S’il est une région du monde où le type « néoprotestant » décrit par Troeltsch a prospéré, c’est bien la Bible Belt. Baptistes et méthodistes, mouvements protestants associatifs fondés sur la conversion individuelle, le biblicisme et le militantisme, s’y sont imposés comme nulle part ailleurs. Décrit comme « hanté par Dieu », le Sud des États-Unis constitue donc un terrain clé, unique par l’ampleur de sa christianisation protestante évangélique, pour tester, grandeur nature, les hypothèses de Troeltsch. C’est ce fil directeur qui donne sa cohérence au parcours socio-historique déployé dans l’ouvrage. On passe successivement en revue le tournant évangélique qui touche le Sud au début du XIXe siècle, puis les enjeux religieux de l’esclavage, de la Prohibition, du contrôle social des Églises. L’émergence et la diversité des milieux fondamentalistes est traitée de front, ainsi que l’itinéraire (souvent négligé) des Églises noires, du mouvement des Droits civiques, le rapport messianique à Israël. Cette plongée socio-historique tient aussi grand compte du contexte géographique, économique et culturel. Le jazz, la country, mais aussi le Rock n’Roll (Elvis Presley a grandi dans une famille pentecôtiste) sont évoqués de concert avec le cinéma (Autant en emporte le vent), la gastronomie (tradition des grits et du moonshine) et la littérature, à commencer par William Faulkner. Le religieux imprègne tout, mais tout le contexte spécifique du Sud imprègne aussi le religieux, à commencer par le lourd héritage de la défaite des Confédérés, « cause perdue » qui constitue encore aujourd’hui le principal vecteur identitaire distinctif de la culture sudiste.

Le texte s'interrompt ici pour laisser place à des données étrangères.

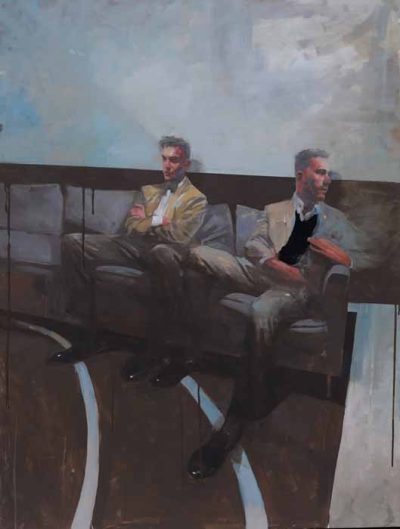 Stick to the Story by Michael Carson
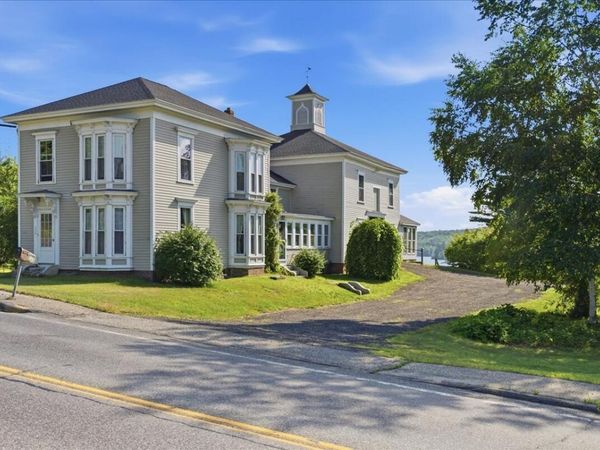 229 Route 133, Winthrop, ME 04364
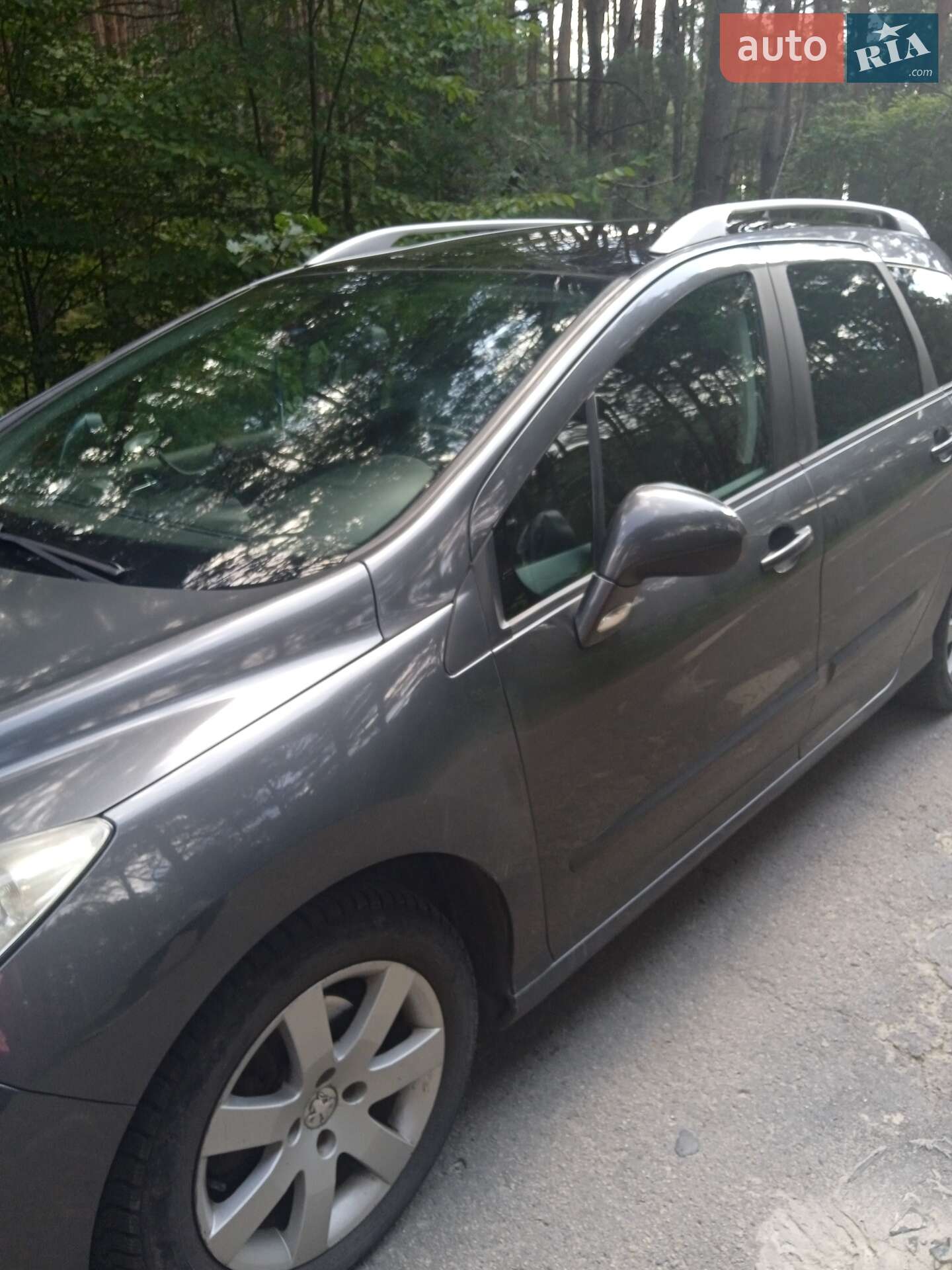 Peugeot 308 2012 VIN VF34H9HP0CS087919 фото оголошення 13 з 19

Entre démocratie et populisme

Le type protestant associatif et non-conformiste que Troeltsch décrit comme vecteur de modernité s’avère, à l’examen, doté d’un potentiel conservateur non moins puissant. Les premiers prédicateurs revivalistes du Sud étaient pauvres, jeunes et marginaux. Ils faisaient parler les femmes, secouaient le joug de l’esclavage et des valeurs patriarcales, comme l’a bien montré Christine Leigh Heyrman (dans Southern Cross, 1998). Deux siècles plus tard, leurs descendants ont pignon sur rue, dirigent des Églises géantes comme de grosses entreprises. Acteurs majeurs de la vie sociale et économique, ils pèsent sur les débats publics et donnent volontiers le ton d’un nouveau conformisme. En situation, unique au monde, de chrétienté dominante, le protestantisme évangélique a largement atténué ses dynamiques non conformistes, même si elles resurgissent ici ou là, en particulier au sein des Black churches, moteurs de l’émancipation afro-américaine. L’effet de majorité a sans doute joué, mais aussi le potentiel populiste de la démocratie locale des Églises. Rançon de la légitimité électorale bottom-up (régulation par le bas), le pasteur dépend de l’assemblée des fidèles. Quand la méfiance pour les régulations institutionnelles s’ajoute à l’habileté de prédicateurs parfois démagogiques, les surenchères populistes trouvent un terreau fertile si les membres ne disposent pas des outils pour discerner. Ce qui pose in fine la question de la démocratie dans les Églises, par laquelle s’achève le livre.